→ To do: From the records below, transcribe only the lines running from the one with "Kahiyang Ayu Panen" through the one with "Produktbild von Calvendo". Keep both of those end lines.

··········

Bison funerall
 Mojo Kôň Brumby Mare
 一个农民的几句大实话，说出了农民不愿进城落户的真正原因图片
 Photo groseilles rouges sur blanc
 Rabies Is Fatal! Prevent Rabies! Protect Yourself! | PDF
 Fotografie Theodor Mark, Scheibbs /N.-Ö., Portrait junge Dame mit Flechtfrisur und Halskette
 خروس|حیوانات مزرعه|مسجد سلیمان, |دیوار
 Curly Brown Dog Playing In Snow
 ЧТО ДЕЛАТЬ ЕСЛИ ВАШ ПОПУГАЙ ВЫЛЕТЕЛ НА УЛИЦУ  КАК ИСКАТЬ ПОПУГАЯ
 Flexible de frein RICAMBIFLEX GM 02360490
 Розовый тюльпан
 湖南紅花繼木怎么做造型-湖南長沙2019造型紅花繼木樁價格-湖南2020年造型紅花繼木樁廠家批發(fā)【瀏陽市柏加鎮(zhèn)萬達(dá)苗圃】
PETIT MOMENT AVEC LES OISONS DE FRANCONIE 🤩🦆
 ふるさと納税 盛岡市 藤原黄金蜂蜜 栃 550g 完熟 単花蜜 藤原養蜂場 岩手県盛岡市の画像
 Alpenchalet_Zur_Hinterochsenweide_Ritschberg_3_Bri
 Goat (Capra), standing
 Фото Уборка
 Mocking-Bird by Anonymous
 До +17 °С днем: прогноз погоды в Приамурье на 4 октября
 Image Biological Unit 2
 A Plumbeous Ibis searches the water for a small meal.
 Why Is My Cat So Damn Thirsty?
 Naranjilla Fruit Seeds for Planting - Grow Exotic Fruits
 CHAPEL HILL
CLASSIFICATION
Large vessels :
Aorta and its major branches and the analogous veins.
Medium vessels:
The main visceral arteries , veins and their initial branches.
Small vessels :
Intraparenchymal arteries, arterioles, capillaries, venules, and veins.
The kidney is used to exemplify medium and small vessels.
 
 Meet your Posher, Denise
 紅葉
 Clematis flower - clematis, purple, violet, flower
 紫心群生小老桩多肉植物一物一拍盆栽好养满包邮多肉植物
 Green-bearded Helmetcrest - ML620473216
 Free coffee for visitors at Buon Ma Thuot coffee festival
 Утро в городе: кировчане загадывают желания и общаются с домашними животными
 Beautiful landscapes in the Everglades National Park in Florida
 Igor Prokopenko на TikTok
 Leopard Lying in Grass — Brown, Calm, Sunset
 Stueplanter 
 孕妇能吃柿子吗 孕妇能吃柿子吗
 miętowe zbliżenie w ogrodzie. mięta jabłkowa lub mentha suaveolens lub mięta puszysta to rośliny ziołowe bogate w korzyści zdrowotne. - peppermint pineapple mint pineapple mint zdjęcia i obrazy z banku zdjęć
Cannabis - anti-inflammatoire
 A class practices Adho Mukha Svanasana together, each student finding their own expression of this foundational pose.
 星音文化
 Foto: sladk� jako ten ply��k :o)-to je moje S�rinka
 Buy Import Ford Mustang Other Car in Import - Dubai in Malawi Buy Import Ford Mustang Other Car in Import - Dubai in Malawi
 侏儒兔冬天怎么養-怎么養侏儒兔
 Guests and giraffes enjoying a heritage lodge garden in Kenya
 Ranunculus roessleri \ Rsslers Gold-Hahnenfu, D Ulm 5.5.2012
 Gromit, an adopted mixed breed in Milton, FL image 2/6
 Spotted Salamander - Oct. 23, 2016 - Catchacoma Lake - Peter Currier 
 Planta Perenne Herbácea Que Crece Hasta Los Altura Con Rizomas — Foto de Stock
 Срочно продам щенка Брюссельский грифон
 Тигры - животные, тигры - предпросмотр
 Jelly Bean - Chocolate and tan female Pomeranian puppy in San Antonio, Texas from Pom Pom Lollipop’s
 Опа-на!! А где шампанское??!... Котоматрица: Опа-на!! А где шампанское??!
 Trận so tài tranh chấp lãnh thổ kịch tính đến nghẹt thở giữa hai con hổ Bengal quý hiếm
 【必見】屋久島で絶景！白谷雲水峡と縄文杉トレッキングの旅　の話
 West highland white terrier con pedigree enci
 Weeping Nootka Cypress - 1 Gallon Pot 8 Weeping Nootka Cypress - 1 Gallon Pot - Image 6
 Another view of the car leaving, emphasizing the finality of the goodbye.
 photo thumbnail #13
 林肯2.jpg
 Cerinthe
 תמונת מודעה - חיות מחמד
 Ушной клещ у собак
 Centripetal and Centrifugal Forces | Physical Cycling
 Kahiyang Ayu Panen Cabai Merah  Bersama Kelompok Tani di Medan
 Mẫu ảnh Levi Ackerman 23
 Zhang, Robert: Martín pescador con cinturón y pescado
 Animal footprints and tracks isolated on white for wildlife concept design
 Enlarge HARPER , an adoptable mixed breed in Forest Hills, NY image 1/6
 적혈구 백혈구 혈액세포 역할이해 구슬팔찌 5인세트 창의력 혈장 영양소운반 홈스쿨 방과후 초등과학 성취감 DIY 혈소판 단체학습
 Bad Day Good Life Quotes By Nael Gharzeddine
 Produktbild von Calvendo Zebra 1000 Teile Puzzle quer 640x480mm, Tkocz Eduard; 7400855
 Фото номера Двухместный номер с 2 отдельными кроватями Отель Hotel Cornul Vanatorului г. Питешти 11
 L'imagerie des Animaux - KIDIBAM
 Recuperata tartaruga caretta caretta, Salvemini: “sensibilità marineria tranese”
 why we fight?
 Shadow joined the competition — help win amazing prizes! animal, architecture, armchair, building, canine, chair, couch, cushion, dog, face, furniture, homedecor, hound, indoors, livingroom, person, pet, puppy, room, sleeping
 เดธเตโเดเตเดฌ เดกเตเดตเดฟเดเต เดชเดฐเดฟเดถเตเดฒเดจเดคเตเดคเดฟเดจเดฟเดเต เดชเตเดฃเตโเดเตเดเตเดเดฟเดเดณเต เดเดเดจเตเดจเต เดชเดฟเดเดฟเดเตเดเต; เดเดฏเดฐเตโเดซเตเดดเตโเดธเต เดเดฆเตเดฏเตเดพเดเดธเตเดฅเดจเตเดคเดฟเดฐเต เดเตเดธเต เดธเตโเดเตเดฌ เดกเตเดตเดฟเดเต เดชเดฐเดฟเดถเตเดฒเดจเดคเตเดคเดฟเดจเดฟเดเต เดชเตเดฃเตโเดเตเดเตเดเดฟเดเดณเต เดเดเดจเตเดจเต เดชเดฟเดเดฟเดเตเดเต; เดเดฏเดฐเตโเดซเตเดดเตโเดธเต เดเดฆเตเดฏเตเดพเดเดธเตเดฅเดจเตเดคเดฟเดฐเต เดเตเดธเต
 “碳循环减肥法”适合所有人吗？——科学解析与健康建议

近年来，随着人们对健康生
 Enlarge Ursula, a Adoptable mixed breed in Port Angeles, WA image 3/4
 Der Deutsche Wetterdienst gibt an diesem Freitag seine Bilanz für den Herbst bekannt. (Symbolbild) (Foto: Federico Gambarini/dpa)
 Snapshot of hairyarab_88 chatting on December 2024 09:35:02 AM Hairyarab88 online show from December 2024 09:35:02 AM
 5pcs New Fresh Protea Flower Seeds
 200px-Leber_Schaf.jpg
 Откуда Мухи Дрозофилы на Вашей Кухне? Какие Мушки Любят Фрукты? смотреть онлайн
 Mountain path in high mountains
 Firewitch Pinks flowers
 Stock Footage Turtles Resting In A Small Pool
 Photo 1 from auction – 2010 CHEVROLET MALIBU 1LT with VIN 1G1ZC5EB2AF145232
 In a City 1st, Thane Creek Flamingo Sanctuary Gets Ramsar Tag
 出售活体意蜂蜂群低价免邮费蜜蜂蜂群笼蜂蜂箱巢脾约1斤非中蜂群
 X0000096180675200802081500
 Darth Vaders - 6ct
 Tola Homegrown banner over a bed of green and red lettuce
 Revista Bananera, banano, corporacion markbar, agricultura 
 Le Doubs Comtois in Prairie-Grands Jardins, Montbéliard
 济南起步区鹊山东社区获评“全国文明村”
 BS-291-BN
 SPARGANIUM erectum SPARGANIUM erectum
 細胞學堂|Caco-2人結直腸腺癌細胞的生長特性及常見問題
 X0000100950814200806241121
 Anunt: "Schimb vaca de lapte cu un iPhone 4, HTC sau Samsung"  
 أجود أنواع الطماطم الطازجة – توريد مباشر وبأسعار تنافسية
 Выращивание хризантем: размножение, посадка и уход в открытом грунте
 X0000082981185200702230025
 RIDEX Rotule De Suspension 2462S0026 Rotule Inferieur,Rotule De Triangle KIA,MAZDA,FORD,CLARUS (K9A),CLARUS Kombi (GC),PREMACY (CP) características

··········

→ Solution to this exercise:
 Kahiyang Ayu Panen Cabai Merah  Bersama Kelompok Tani di Medan
 Mẫu ảnh Levi Ackerman 23
 Zhang, Robert: Martín pescador con cinturón y pescado
 Animal footprints and tracks isolated on white for wildlife concept design
 Enlarge HARPER , an adoptable mixed breed in Forest Hills, NY image 1/6
 적혈구 백혈구 혈액세포 역할이해 구슬팔찌 5인세트 창의력 혈장 영양소운반 홈스쿨 방과후 초등과학 성취감 DIY 혈소판 단체학습
 Bad Day Good Life Quotes By Nael Gharzeddine
 Produktbild von Calvendo Zebra 1000 Teile Puzzle quer 640x480mm, Tkocz Eduard; 7400855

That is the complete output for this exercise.